If you follow sports at all, you know that professional sports franchises and youth coaches alike use essentially the same approach, parroting similar lines about teamwork, self-esteem, physical conditioning, and staying out of trouble. This sort of thing is probably even more grossly overstated in athletics than it is in music, and for more purely and intentionally disingenuous purposes. Even so, a lot of pro athletes are involved in service activities that have nothing to do with sports, often just for a photo-op, but occasionally legitimately also. It helps when you're a multi-millionaire and only have to work half the year. Musicians, in contrast, usually have to hustle pretty hard just to survive, and are just as often the recipients of charity as they are the benefactors. Whatever great deeds and transcendent art that charity has begotten, it has also conditioned us to see ourselves differently. Perhaps it's a character flaw, an overreaction, or a "man thing," but I've never been totally comfortable in that role, mostly because other people look to be way too comfortable in it for my taste.

Stefan Kac said...

I'm skeptical about many extrinsic benefits, both in music and in sports, and I've written about that elsewhere on this blog over the years. It's more of a gut feeling in my case, and I have no rigorous evidence or peer-reviewed studies to present in support of it. What I do have is my childhood and adolescence, where I cared deeply about both music and baseball (again, because they were too damn much fun, not because I thought I was making the world a better place by participating in either of them), and where that intense engagement was constantly manipulated, stepped on, ignored, and trivialized by the adults who ran the show. Now that I'm one of those adults, I'd like to think I'm doing a better job, but that alone does not a public servant make.

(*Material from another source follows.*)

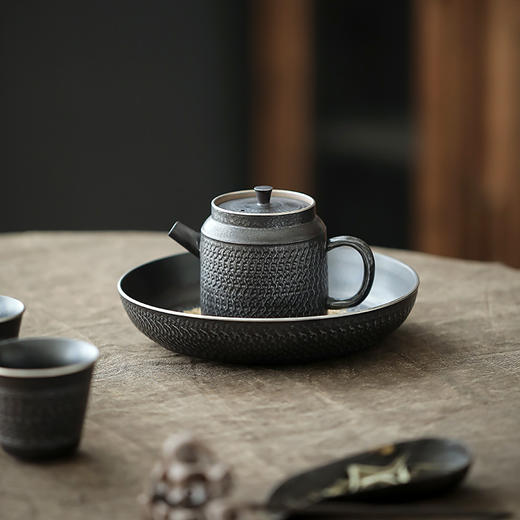 黑玄黑陶茶壶家用办公室会客中式陶瓷茶具单壶提梁壶侧把壶泡茶器 商品图2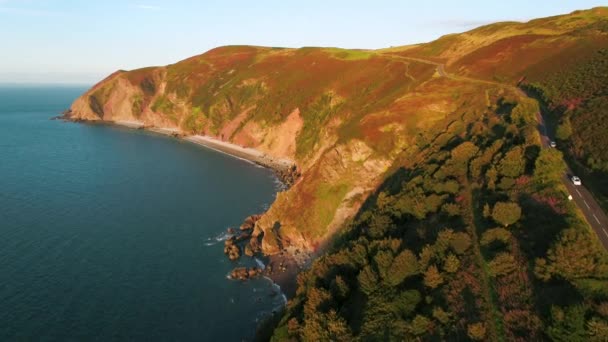 Devon Exmoor National Park Countisbury Hill Foreland Point Sillery Sands — 비디오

Once I grew up and got away from all of that garbage, I found myself having all together too much fun playing music, too much, in fact, to feel that I could possibly do anything else. I try to foster that sort of dynamic in my students by treating them like adults and encouraging them to develop a connection to music that extends beyond the bell of their horns. Do I feel that my work is "important?" Of course I do. But how can I know? I'm not only extremely biased, but also only one person. Insofar as my musical activities make people happy, entertain them, and cause them to have fun, I do indeed believe I've contributed something worthwhile to the world. I just don't believe that it's AS important as many other service activities. Again, this isn't a zero sum game; we don't have to pick just one side, but we do have to be mindful of proportions. If you want to make someone happy, playing the music of your choice for them ranks among the least likely ways to be effective at this task. It's possible, it's just not very likely.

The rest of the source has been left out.